SUPPLIED DATA »

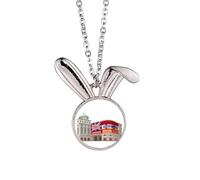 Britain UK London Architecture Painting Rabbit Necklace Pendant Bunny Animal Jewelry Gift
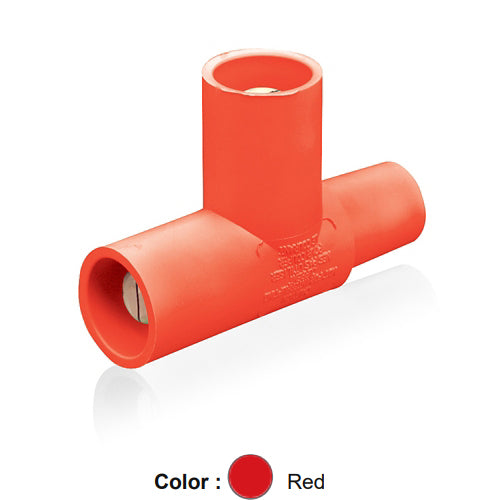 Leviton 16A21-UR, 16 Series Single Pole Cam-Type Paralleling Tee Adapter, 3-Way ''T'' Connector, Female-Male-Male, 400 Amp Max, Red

---

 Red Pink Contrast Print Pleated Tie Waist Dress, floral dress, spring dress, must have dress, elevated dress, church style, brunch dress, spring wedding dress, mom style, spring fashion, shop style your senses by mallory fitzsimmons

TASK GOAL »
Taking the records above, print only and exactly the lines from the line with "Britain UK London" to the line with "Leviton 16A21-UR, 16", both kept, and exclude pictures.

OUTPUT OF THE EXERCISE »
 Britain UK London Architecture Painting Rabbit Necklace Pendant Bunny Animal Jewelry Gift
 Leviton 16A21-UR, 16 Series Single Pole Cam-Type Paralleling Tee Adapter, 3-Way ''T'' Connector, Female-Male-Male, 400 Amp Max, Red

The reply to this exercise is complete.